问题
I'm unable to figure out what is wrong with my CTAS query, it breaks the data into smaller files while storing inside a partition even though I haven't mentioned any bucketing columns. Is there a way to avoid these small files and store as one single file per partition as files lesser than 128 MB would cause additional overhead?

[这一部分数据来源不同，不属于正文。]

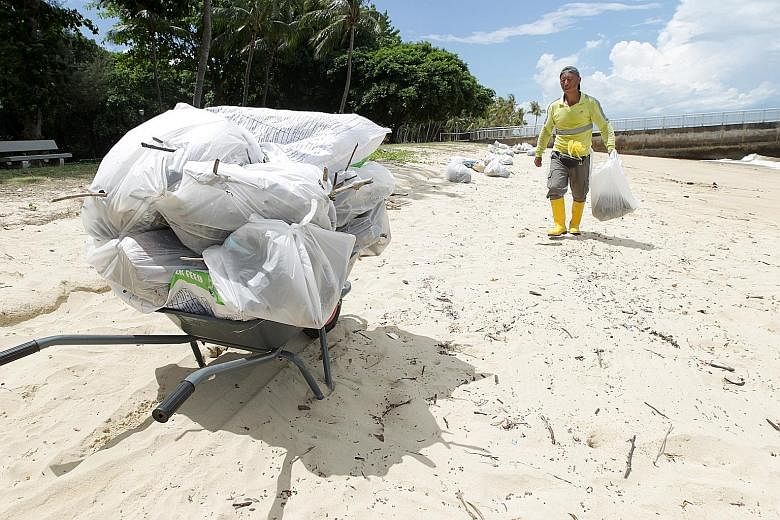 Above: A worker cleaning up the beach. According to the National Environment Agency website, offshore detritus drifts onto the shores of Singapore during the south-west monsoon months from May to October, and the beaches are cleaned more often during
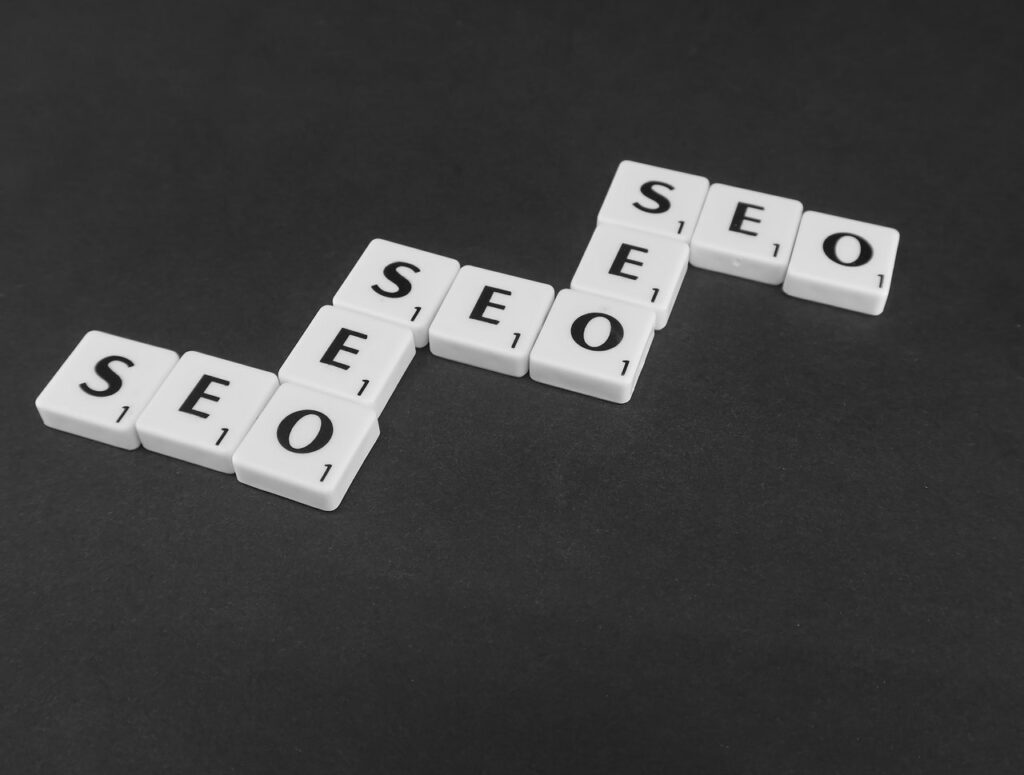 SEO spelled out multiple times using scrabble tiles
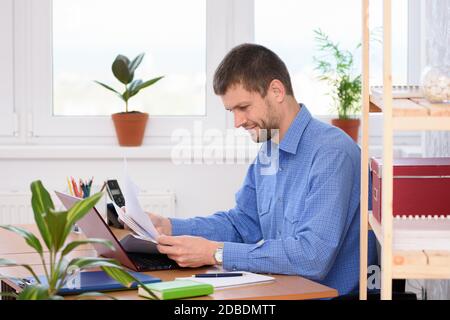 Successful young man reads documents while sitting at a table in the office Stock Photo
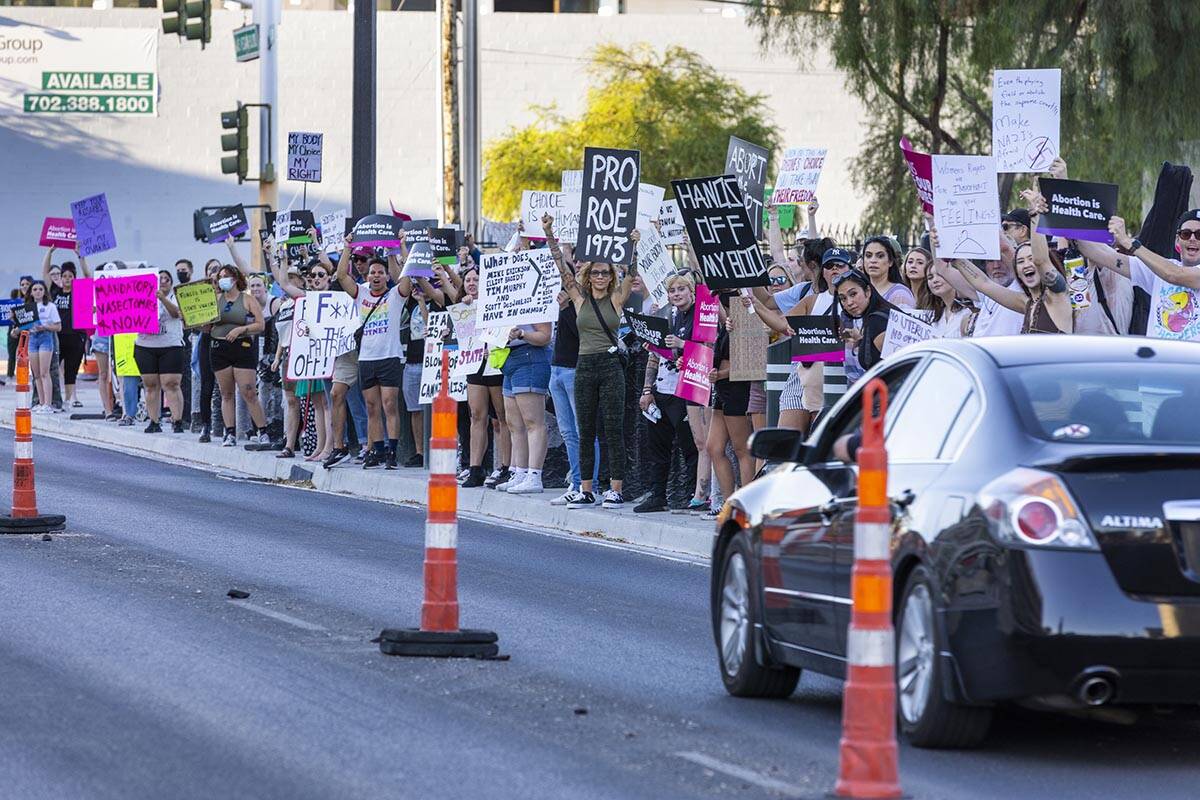 Protesters hold signs in response to Roe v. Wade being overturned today at the Lloyd D. George ...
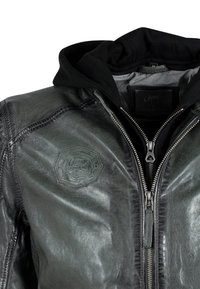 Zwarte leren jack met een grijze capuchon, voorzien van een ritssluiting, een gestructureerde afwerking en een hexagonaal logo-embleem op de borst.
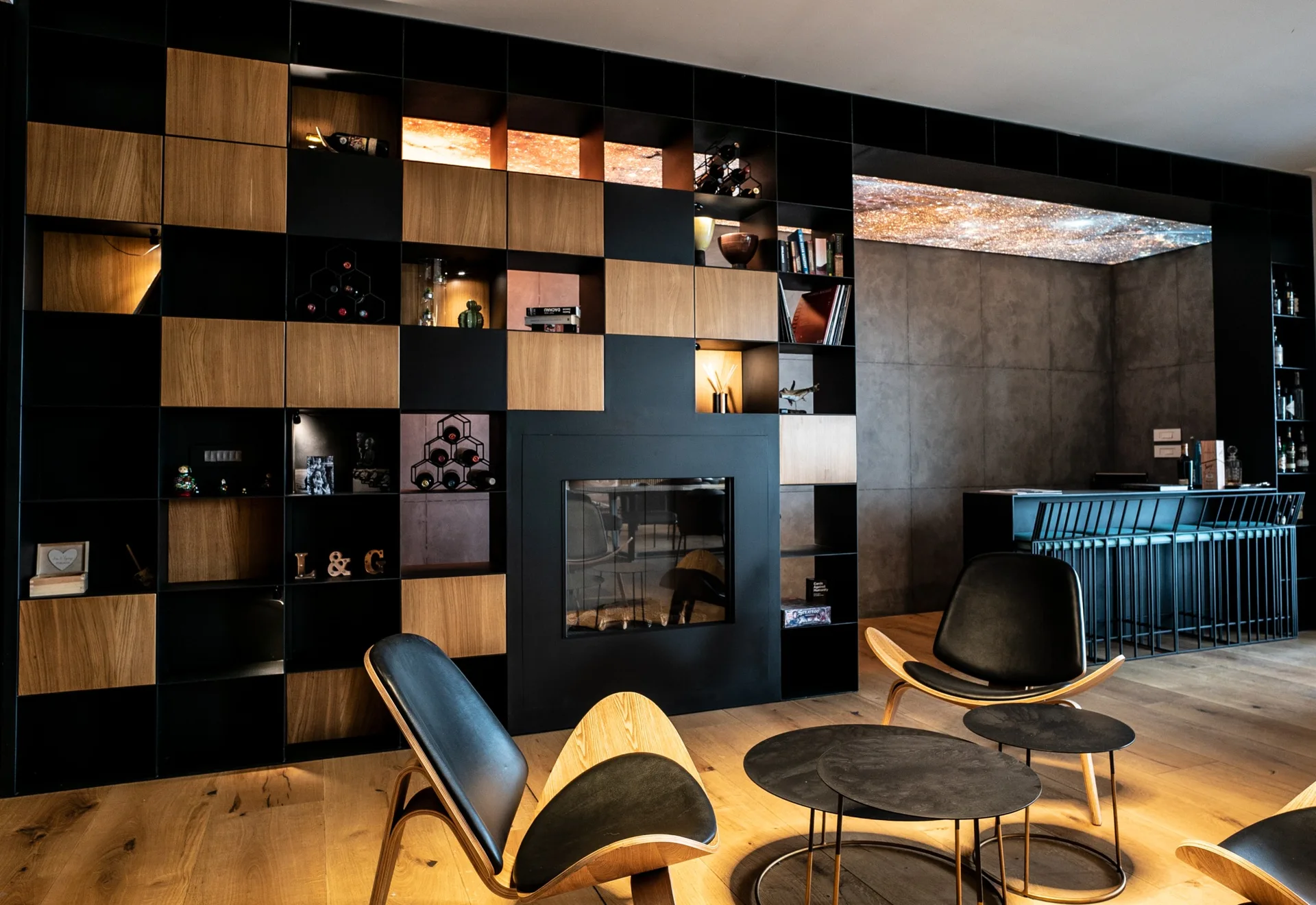 A contemporary living room features a black and wood grid wall unit with an integrated fireplace, molded plywood lounge chairs, and a bar area.
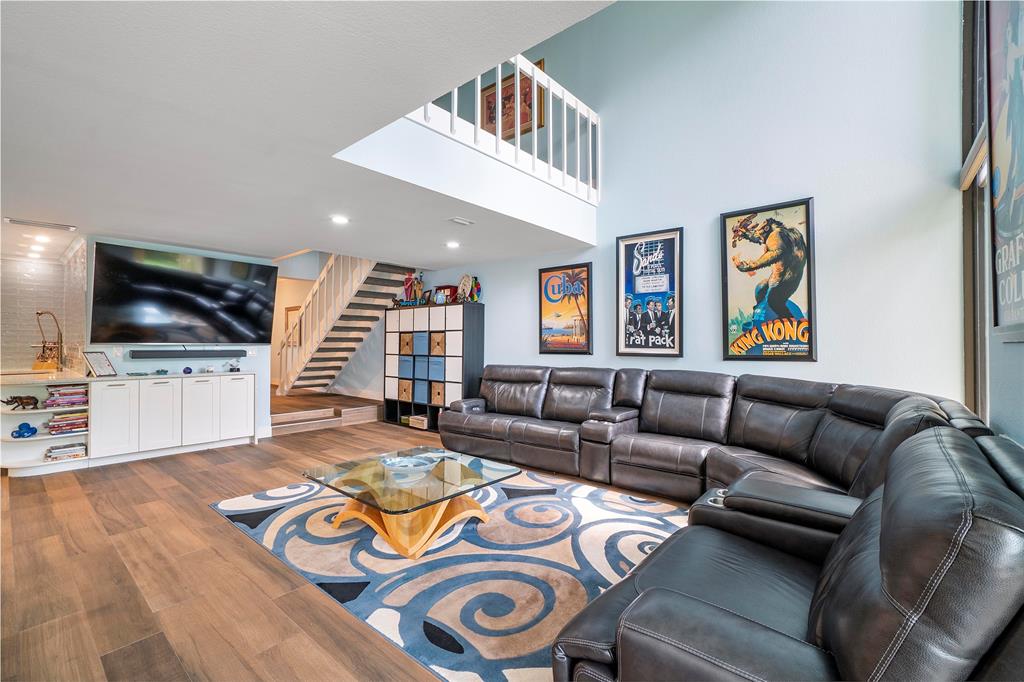 3908 South Ocean Boulevard, Unit TH4 Boca Raton, FL 33487 - Photo 6 of 37 a living room with furniture and a flat screen tv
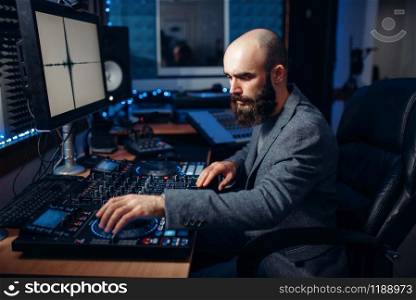 Sound engineer working at the remote control panel in the recording studio. Musician at the mixer, professional audio mixing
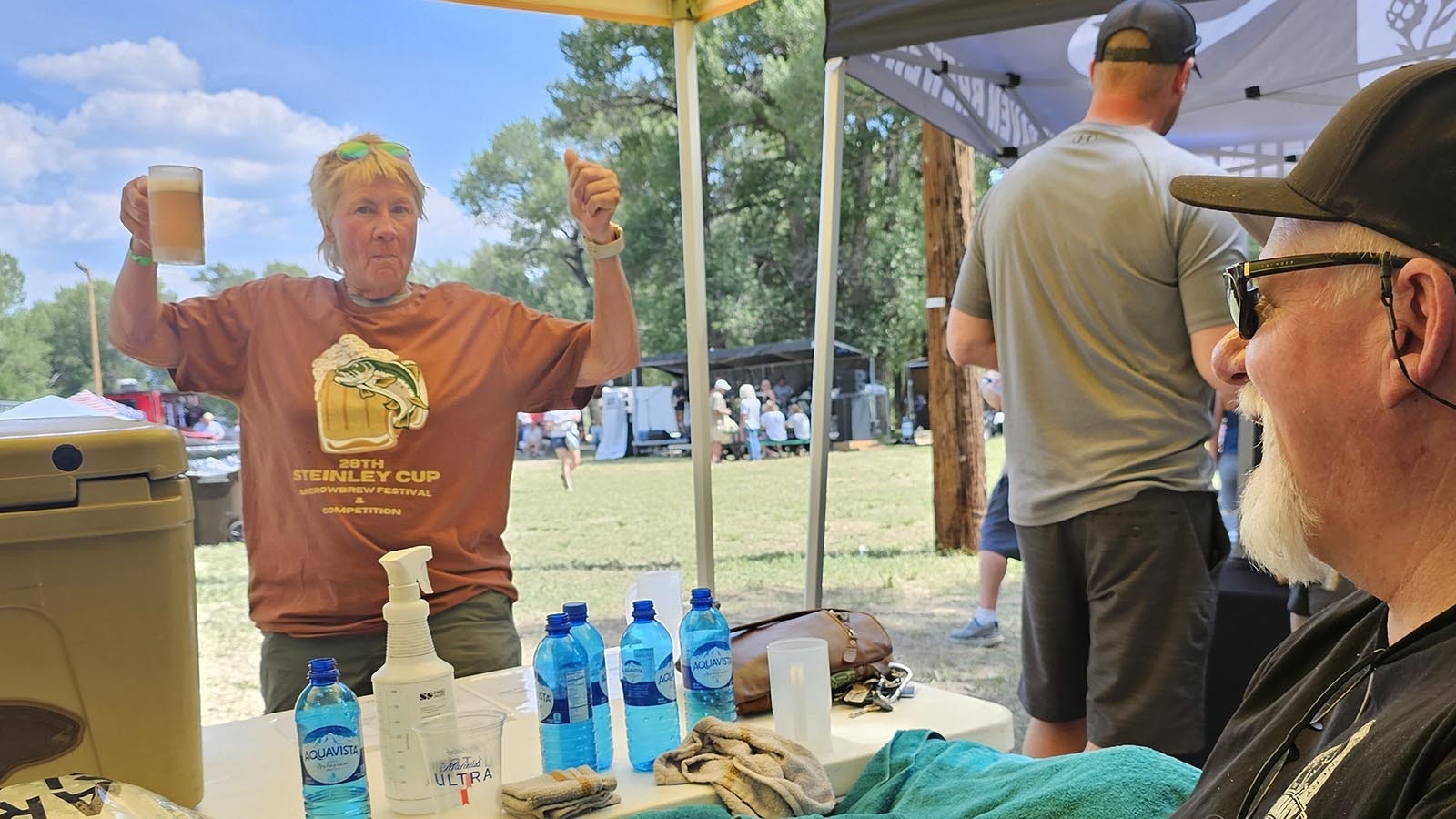 Mitch Kunce, brewer at The Library in Laramie, talks with a fan of his blueberry-pomegranate beer.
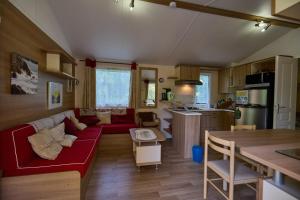 a living room with a red couch and a kitchen at Berges de Canal in Paule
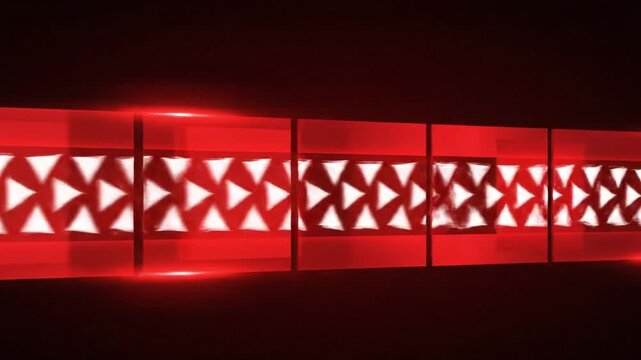 Abstract red geometric motion graphics animation featuring glowing triangular patterns and futuristic light effects.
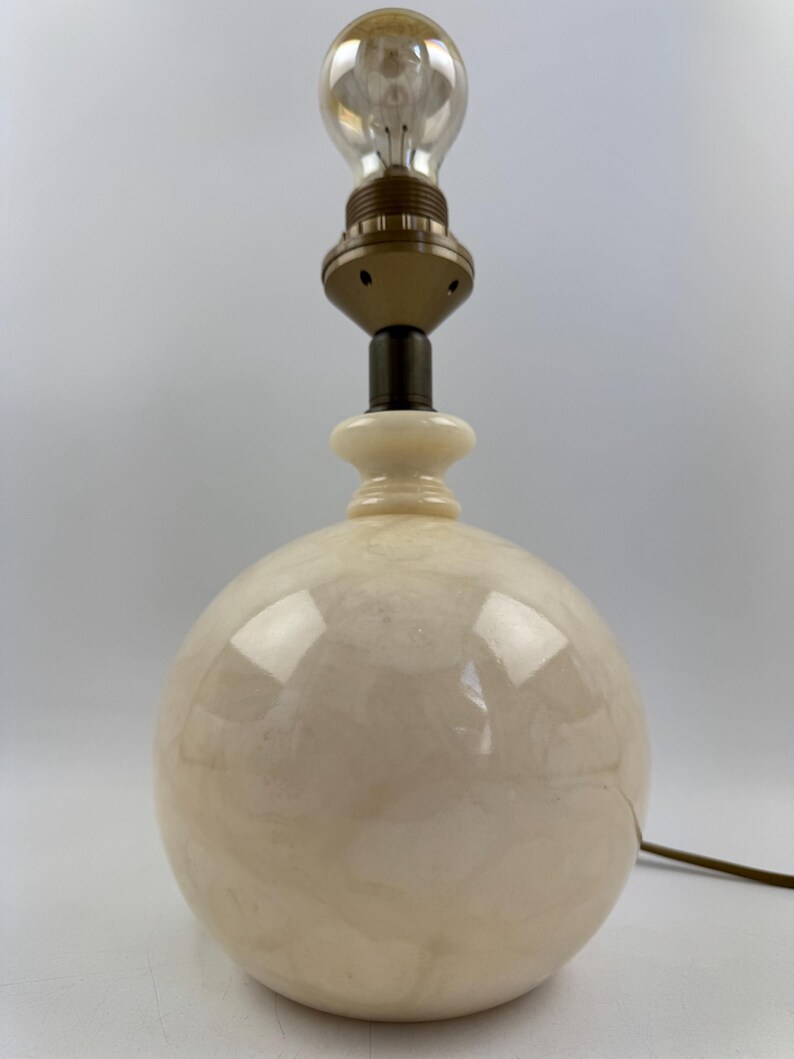 Peut inclure: Une lampe de table sph&eacute;rique cr&egrave;me avec une ampoule de style vintage. La lampe a une base ronde et une douille de couleur laiton. L'ampoule est transparente avec un filament visible. Un cordon &eacute;lectrique marron s'&eacute;tend de la base.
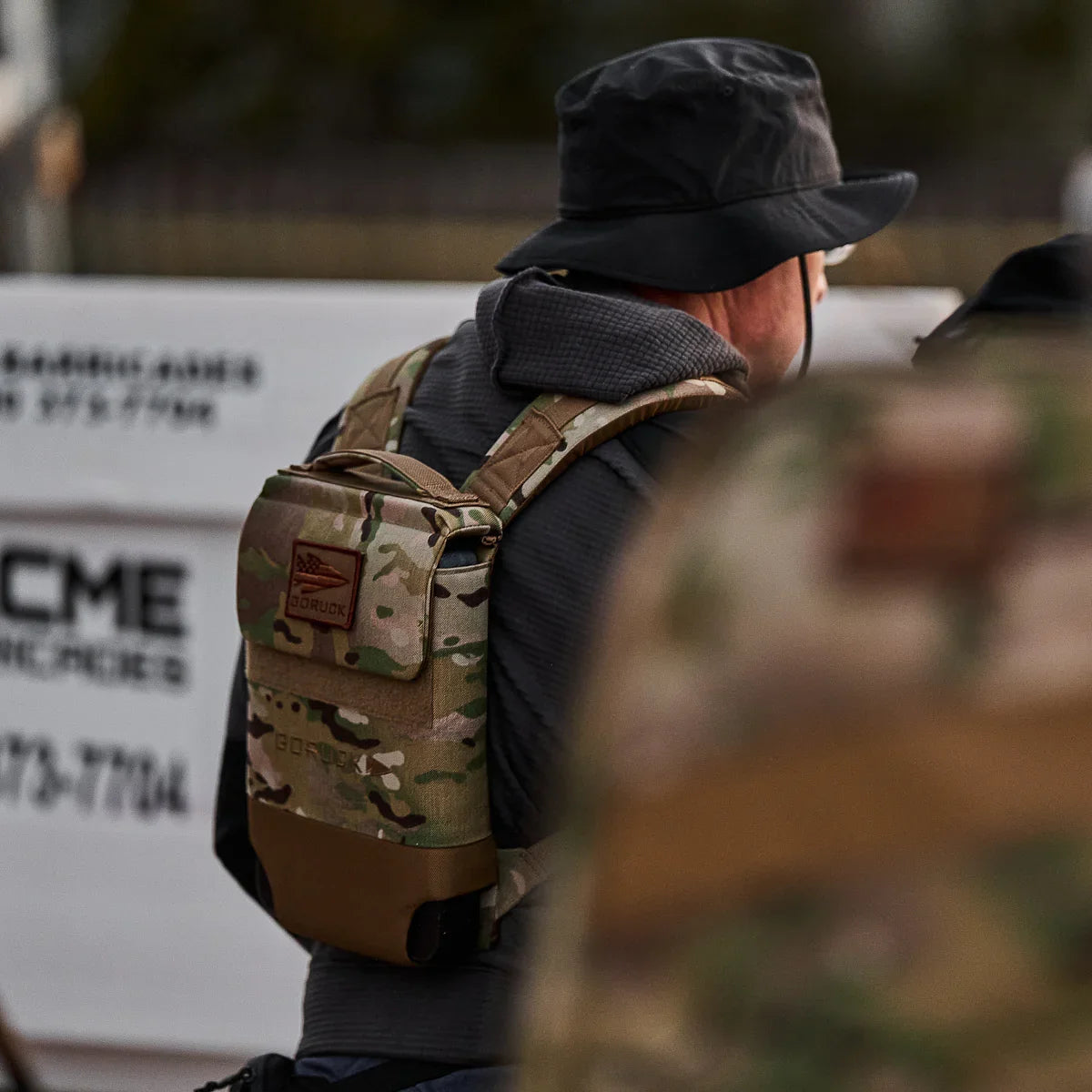 Person wearing a GORUCK multicam ruck plate carrier outdoors, rugged tactical gear.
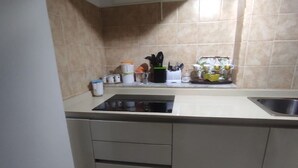Una cocina con estufa, lavamanos, armarios y salpicadero de azulejos.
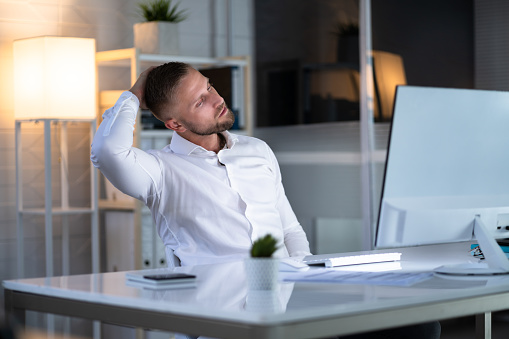 Man Stretching At Office Desk. Worker Stretch Workout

CREATE TABLE sampledb.yellow_trip_data_parquet
WITH(
format = 'PARQUET'
parquet_compression = 'GZIP',
external_location='s3://mybucket/Athena/tables/parquet/'
partitioned_by=ARRAY['year','month']
)
AS SELECT
VendorID,
tpep_pickup_datetime,
tpep_dropoff_datetime,
passenger_count,
trip_distance,
RatecodeID,
store_and_fwd_flag,
PULocationID,
DOLocationID,
payment_type,
fare_amount,
extra,
mta_tax,
tip_amount,
tolls_amount,
improvement_surcharge,
total_amount,
date_format(date_parse(tpep_pickup_datetime,'%Y-%c-%d %k:%i:%s'),'%Y') AS year,
date_format(date_parse(tpep_pickup_datetime,'%Y-%c-%d %k:%i:%s'),'%c') AS month
FROM sampleDB.yellow_trip_data_raw;

回答1:
I was able to overcome the issue by creating a bucketing column month_a
. Below is the code
CREATE TABLE sampledb.yellow_trip_data_avro
WITH (
format = 'AVRO',
external_location='s3://a4189e1npss3001/Athena/internal_tables/avro/',
partitioned_by=ARRAY['year','month'],
bucketed_by=ARRAY['month_a'],
bucket_count=12
) AS SELECT
VendorID,
tpep_pickup_datetime,
tpep_dropoff_datetime,
passenger_count,
trip_distance,
RatecodeID,
store_and_fwd_flag,
PULocationID,
DOLocationID,
payment_type,
fare_amount,
extra,
mta_tax,
tip_amount,
tolls_amount,
improvement_surcharge,
total_amount,
date_format(date_parse(tpep_pickup_datetime, '%Y-%c-%d %k:%i:%s'),'%c') AS month_a,
date_format(date_parse(tpep_pickup_datetime, '%Y-%c-%d %k:%i:%s'),'%Y') AS year,
date_format(date_parse(tpep_pickup_datetime, '%Y-%c-%d %k:%i:%s'),'%c') AS month
FROM sampleDB.yellow_trip_data_raw;
回答2:
Athena is a distributed system, and it will scale the execution on your query by some unobservable mechanism. It looks like it decided to use five workers for your CTAS query, which will result in five files in each partition.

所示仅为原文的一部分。